Creating semantic model¶
In this topic, you’ll learn how to design a conceptual semantic model that transforms business needs into structured data. As a Data Engineer, your role is to create a model that aligns with business goals, supports key metrics, and drives insights for decision-making.
Scenario¶
You're building a semantic model for a retail business to analyze purchase patterns and product affinity. The model needs to combine data from various sources—like customer purchase history, product catalogs, and sales data—into a unified view. You want to ensure that your Lens model effectively captures customer behavior and accurately reflects relationships between different products that customers tend to purchase together. For it, you transform conceptual design into a functional data model. This enables you to structure and organize the data effectively, ensuring it meets analytical and business needs.
Lens folder structure¶
You begin by understanding the structure of the Lens semantic model and organize your data in the following structure:
Lens/
├── sqls
│ ├── customer.sql
│ ├── product.sql
│ └── purchase.sql
├── tables
│ ├── customer.yml
│ ├── product.yml
│ └── purchase.yml
└── views
│ ├── total_spend.yml
│ ├── purchase_frequency.yml
│ └── cross_sell_opportunities.yml
└── user_groups.yml
In the Lens folder structure, you define and organize the artifacts according to the key steps in building the semantic model: loading data, defining tables, adding dimensions and measures, creating views, and managing user groups.

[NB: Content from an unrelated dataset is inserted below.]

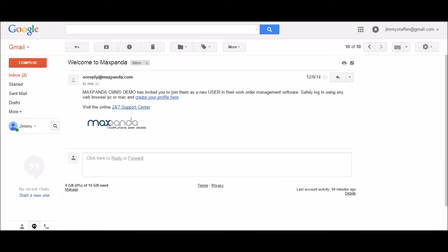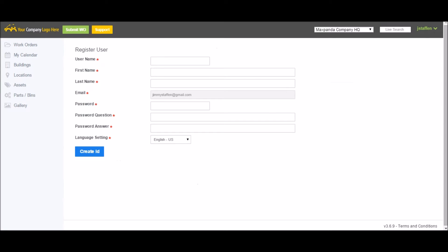To get started, the first thing you'll need to do is receive an email invitation to create your account. Once you receive this, simply click the Create Profile link to create your profile.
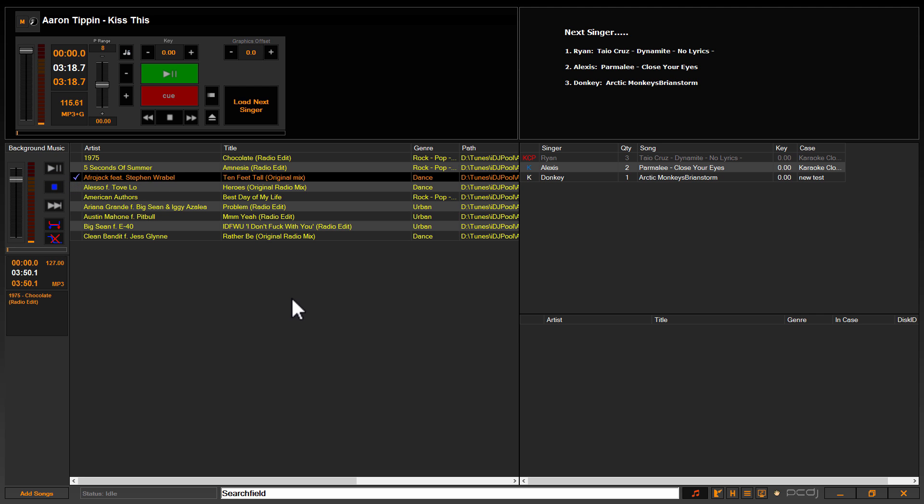Hey, what's up guys? It's Ryan Scher here with PCDJ Karaoke Eye. This is our standalone karaoke show hosting software designed for professional KJs and karaoke venues.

Loading data from the source¶
You start by creating the SQL folder, where you write SQL scripts to select relevant columns from the source tables for each entity: customer
, product
, and purchase
data. You focus on choosing only the necessary columns to prevent performance issues while ensuring essential data is available for analysis.
Here are the .sql
files you use for each entity:
customer.sql
SELECT
customer_id,
birth_year,
education,
marital_status,
income,
country
FROM
icebase.customer_relationship_management.customer
product.sql
select
customer_id as product_customer_id,
product_id,
product_category,
product_name,
price
FROM
icebase.customer_relationship_management.product
This can be a simple extraction or include more complex transformations, such as:
purchase.sql
SELECT
customer_id as p_customer_id,
cast(purchase_date as timestamp) as purchase_date,
recency as recency_in_days,
mntwines,
mntmeatproducts,
mntfishproducts,
mntsweetproducts,
mntgoldprods,
mntfruits,
numdealspurchases,
numwebpurchases,
numcatalogpurchases,
numstorepurchases,
numwebvisitsmonth,
numwebpurchases + numcatalogpurchases + numstorepurchases + numstorepurchases as purchases,
(mntwines+mntmeatproducts+mntfishproducts+mntsweetproducts+mntgoldprods+mntfruits) as spend
FROM
icebase.customer_relationship_management.purchase
Defining the tables¶
Next, you move to the tables folder. Here, you define a manifest to load the selected columns from the SQL files into tables in YAML. Here, you define the base table for all entities.
table:
- name: customer
sql: {{ load_sql('customer') }}
description: Table containing information about customers.
After defining the base table, you add measures and dimensions to provide meaningful analysis.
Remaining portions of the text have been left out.